A broader developmental approach is being taken by IBM's Joshua Blue
project \cite{Alvarado:02}.  In this project they measure the
performance of their system by considering a broad range of
linguistic, social, association and learning tests.  Their goal is
to first pass what they call a ``toddler Turing test'', that is, to
develop an AI system that can pass as a young child in a similar
setup to the Turing test.  As yet, this test is not fully specified.

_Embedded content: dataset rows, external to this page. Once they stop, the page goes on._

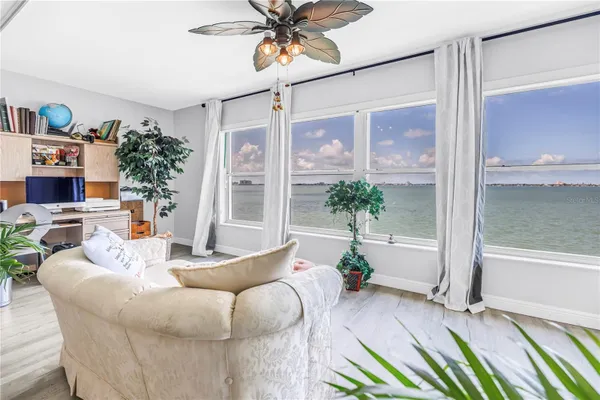 Property Slideshow image 3 of 52 | 6020 shore blvd 607, St Petersburg, FL, 33707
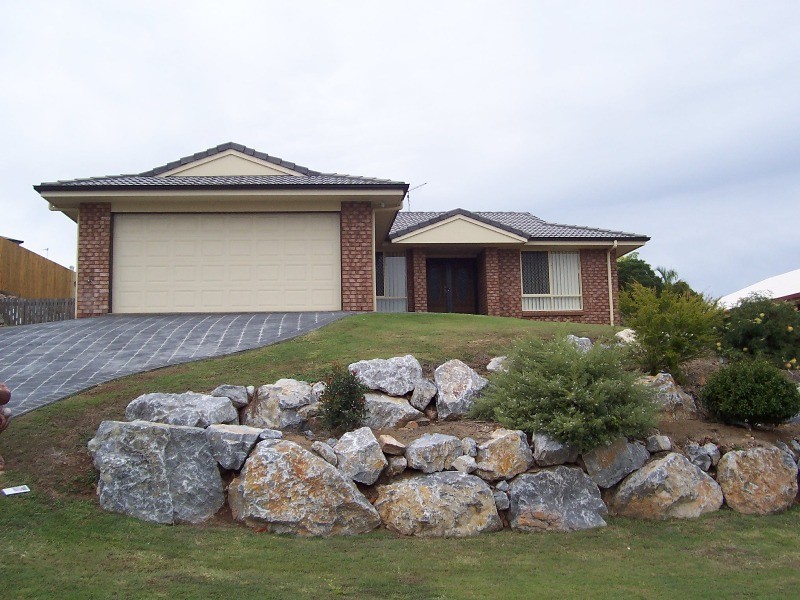 17 Wivenhoe Close, Clinton QLD 4680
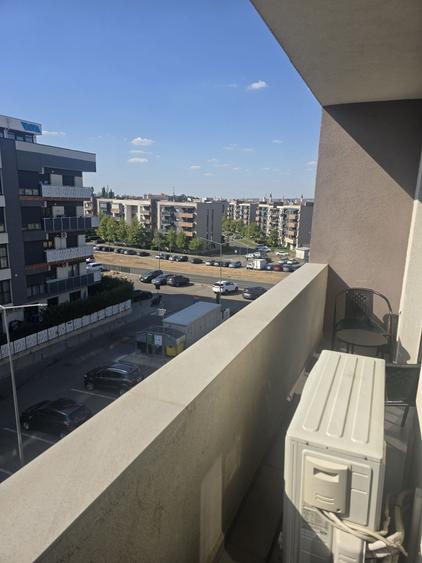 Apartament cu 3 camere decomandat în Lotus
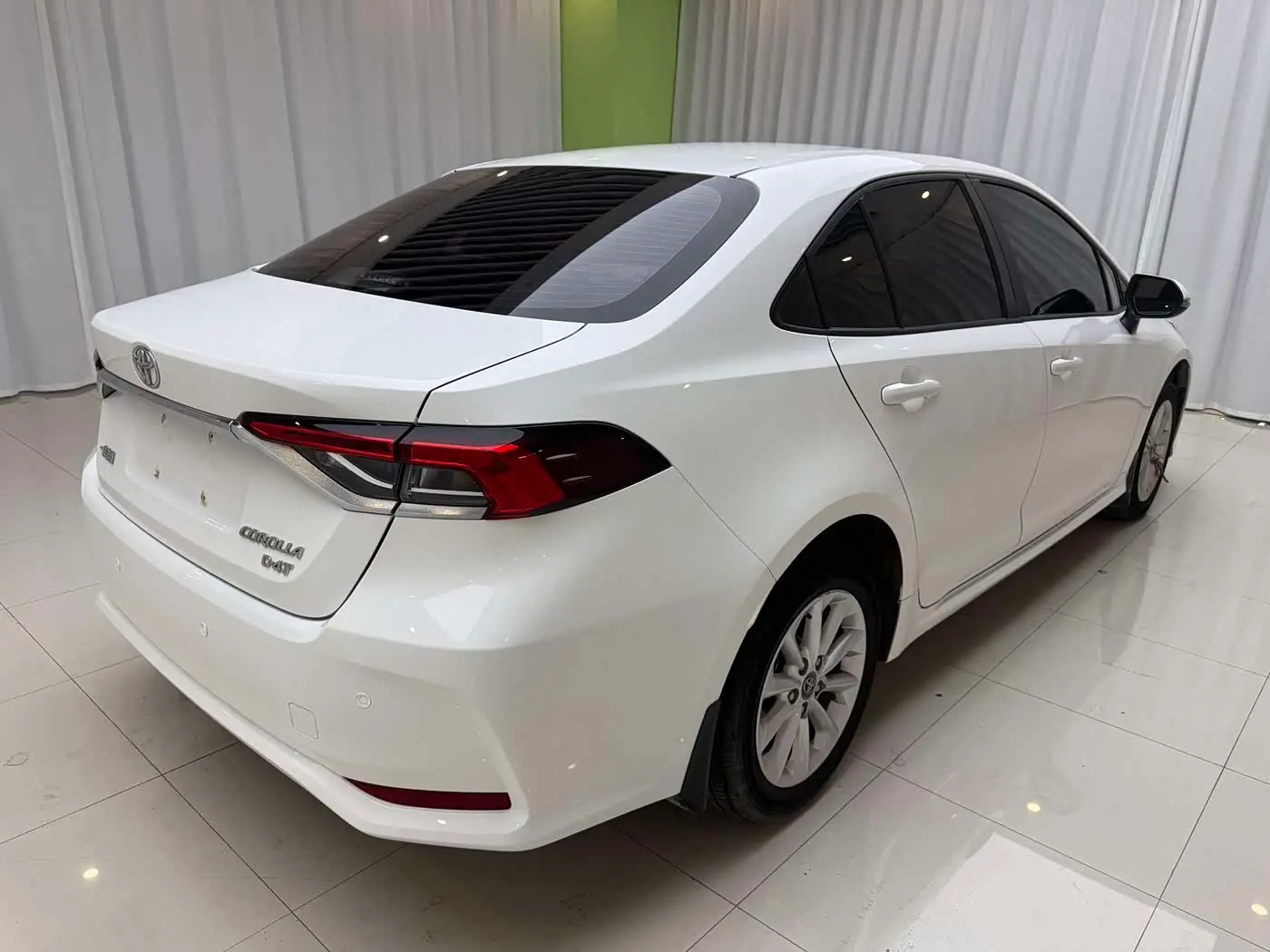 Toyota Corolla 2023 — Photo 19/20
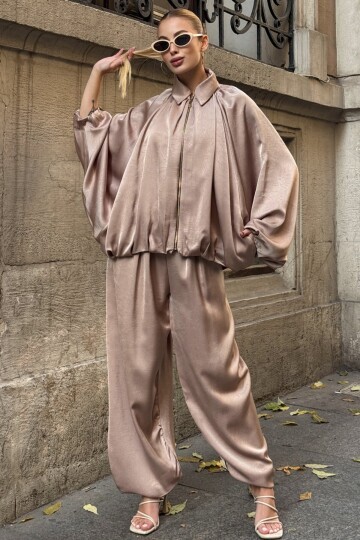 Polo Yaka Yarasa Kol Fermuar Kapamalı Ceket Ve Beli Lastlikli Pantolon Salaş Takım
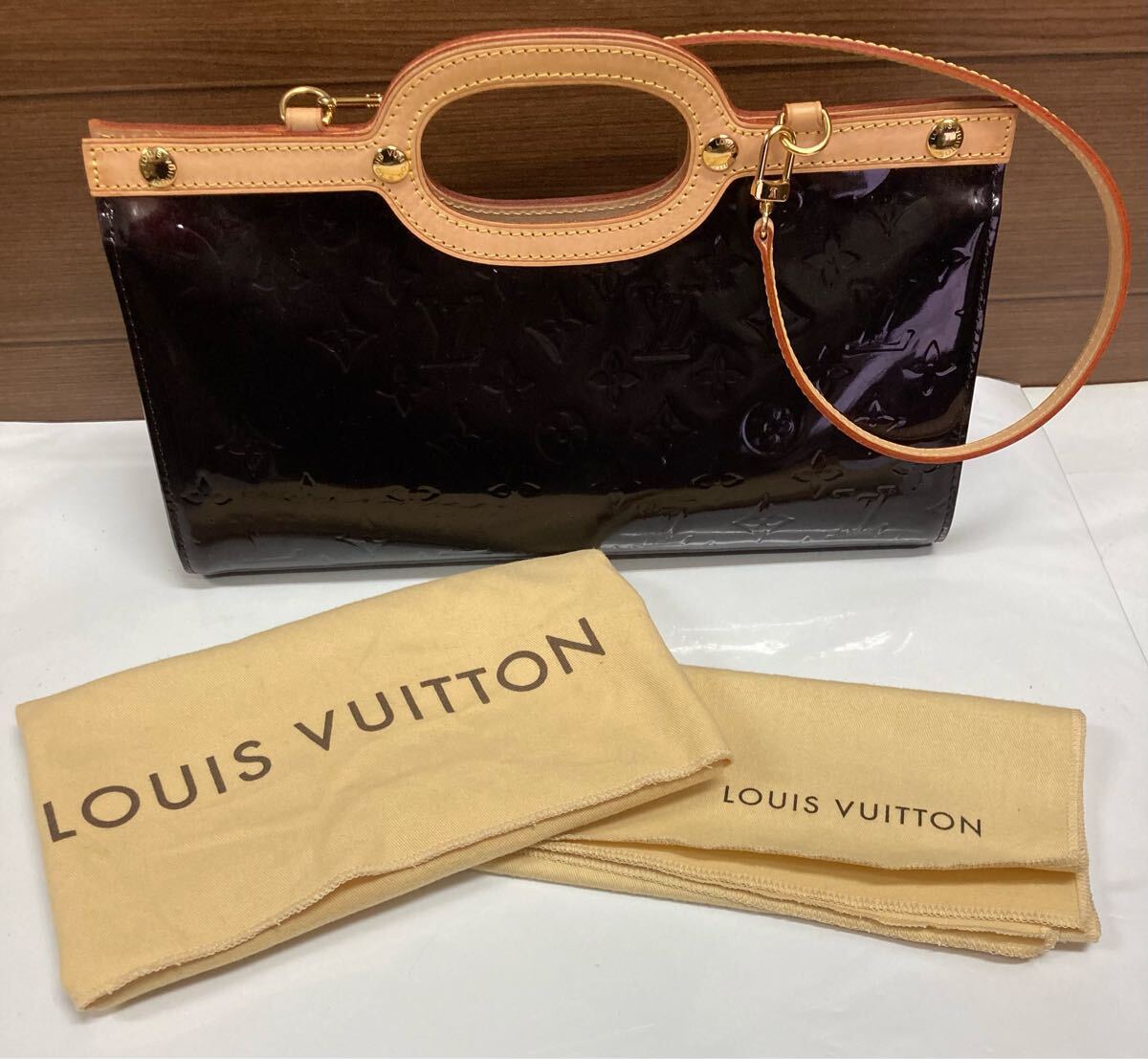 ルイヴィトン 未使用に近い♪ モノグラム ヴェルニ ロクスバリードライブ 2WAY ハンドバッグ ショルダー 正規品 袋,クロス付 LOUIS VUITTON拍卖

Another company pursuing a similar developmental approach based on
measuring system performance through a broad range of cognitive tests
is the a2i2 project at Adaptive AI \cite{Voss:05}.  Rather than
toddler level intelligence, their current goal to is work toward a
level of cognitive performance similar to that of a small mammal.  The
idea being that even a small mammal has many of the key cognitive
abilities required for human level intelligence working together in an
integrated way.  While this might be useful to guide the development
of moderate intelligence, it is unknown whether it will scale to
higher levels of intelligence.  The specific tests being used have not
been published.
%\fi

%%%%%%%%%%%%%%%%%%%%%%%%%%%%%%%%%%%%%%%%%%%%%%%%%%%%%%%%%%%%%%%
\section{Competitive games}
%%%%%%%%%%%%%%%%%%%%%%%%%%%%%%%%%%%%%%%%%%%%%%%%%%%%%%%%%%%%%%%

The Turing Ratio method of Masum et al.\ has more emphasis on tasks
and games rather than cognitive tests.  They propose that ``\ldots
doing well at a broad range of tasks is an empirical definition of
`intelligence'."\cite{Masum:02} To quantify this they seek to identify
tasks that measure important abilities, admit a series of strategies
that are qualitatively different, and are reproducible and relevant
over an extended period of time.  They suggest a system of measuring
performance through pairwise comparisons between AI systems that is
similar to that used to rate players in the international chess rating
system.  The key difficulty however, which the authors acknowledge is
an open challenge, is to work out what these tasks should be, and to
quantify just how broad, important and relevant each is.  In our view
these are some of the most central problems that must be solved when
attempting to construct an intelligence test and thus this approach is
incomplete in its current state.


%%%%%%%%%%%%%%%%%%%%%%%%%%%%%%%%%%%%%%%%%%%%%%%%%%%%%%%%%%%%%%%
\section{Collection of psychometric tests}
%%%%%%%%%%%%%%%%%%%%%%%%%%%%%%%%%%%%%%%%%%%%%%%%%%%%%%%%%%%%%%%

An approach called Psychometric AI tries to address the problem of
what to test for in a pragmatic way.  In the view of Bringsjord and
Schimanski, ``Some agent is intelligent if and only if it excels at
all established, validated tests of [human]
intelligence.''\cite{Bringsjord:03} They later broaden this to also
include ``tests of artistic and literary creativity, mechanical
ability, and so on.''  With this as their goal, their research is
focused on building robots that can perform well on standard
psychometric tests designed for humans, such as the Wechsler Adult
Intelligent Scale and Raven Progressive Matrices.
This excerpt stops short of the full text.